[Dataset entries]
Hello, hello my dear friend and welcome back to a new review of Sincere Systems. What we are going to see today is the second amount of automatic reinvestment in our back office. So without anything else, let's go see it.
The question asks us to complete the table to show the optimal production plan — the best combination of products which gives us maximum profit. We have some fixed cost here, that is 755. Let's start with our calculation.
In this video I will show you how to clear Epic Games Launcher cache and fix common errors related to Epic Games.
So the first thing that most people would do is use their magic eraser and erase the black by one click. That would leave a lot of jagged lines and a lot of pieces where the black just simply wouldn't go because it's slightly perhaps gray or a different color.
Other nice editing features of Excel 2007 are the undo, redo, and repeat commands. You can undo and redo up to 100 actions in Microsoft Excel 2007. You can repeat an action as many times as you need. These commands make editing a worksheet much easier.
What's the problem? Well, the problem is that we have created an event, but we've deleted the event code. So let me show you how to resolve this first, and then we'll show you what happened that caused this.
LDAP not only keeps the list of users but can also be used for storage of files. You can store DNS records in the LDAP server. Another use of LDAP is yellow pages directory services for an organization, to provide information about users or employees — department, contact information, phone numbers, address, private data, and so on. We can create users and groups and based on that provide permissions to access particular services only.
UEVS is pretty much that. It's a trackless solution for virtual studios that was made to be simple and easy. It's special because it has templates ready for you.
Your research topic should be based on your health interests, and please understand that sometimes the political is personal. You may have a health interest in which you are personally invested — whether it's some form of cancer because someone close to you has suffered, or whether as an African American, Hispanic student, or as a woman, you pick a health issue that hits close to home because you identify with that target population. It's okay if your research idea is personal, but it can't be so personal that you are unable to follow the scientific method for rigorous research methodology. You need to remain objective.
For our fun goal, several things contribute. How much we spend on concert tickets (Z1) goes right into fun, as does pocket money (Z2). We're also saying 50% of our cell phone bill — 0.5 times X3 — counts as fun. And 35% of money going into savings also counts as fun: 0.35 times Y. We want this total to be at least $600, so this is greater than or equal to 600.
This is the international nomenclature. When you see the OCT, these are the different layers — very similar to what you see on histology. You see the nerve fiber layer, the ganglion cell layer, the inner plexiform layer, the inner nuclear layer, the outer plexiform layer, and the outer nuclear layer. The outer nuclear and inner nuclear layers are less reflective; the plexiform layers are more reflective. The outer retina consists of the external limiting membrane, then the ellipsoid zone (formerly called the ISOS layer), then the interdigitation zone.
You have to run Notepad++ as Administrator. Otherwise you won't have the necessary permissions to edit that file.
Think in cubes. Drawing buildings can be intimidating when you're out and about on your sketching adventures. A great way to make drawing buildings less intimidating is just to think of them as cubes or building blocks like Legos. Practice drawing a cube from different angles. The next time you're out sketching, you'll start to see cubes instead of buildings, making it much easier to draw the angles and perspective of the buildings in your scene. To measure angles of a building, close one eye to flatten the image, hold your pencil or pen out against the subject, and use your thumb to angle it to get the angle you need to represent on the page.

### Problem description
Of the entries above, repeat exactly the lines from the line with "Other nice editing" through the line with "UEVS is pretty", both of them included.

### Answer to the problem
Other nice editing features of Excel 2007 are the undo, redo, and repeat commands. You can undo and redo up to 100 actions in Microsoft Excel 2007. You can repeat an action as many times as you need. These commands make editing a worksheet much easier.
What's the problem? Well, the problem is that we have created an event, but we've deleted the event code. So let me show you how to resolve this first, and then we'll show you what happened that caused this.
LDAP not only keeps the list of users but can also be used for storage of files. You can store DNS records in the LDAP server. Another use of LDAP is yellow pages directory services for an organization, to provide information about users or employees — department, contact information, phone numbers, address, private data, and so on. We can create users and groups and based on that provide permissions to access particular services only.
UEVS is pretty much that. It's a trackless solution for virtual studios that was made to be simple and easy. It's special because it has templates ready for you.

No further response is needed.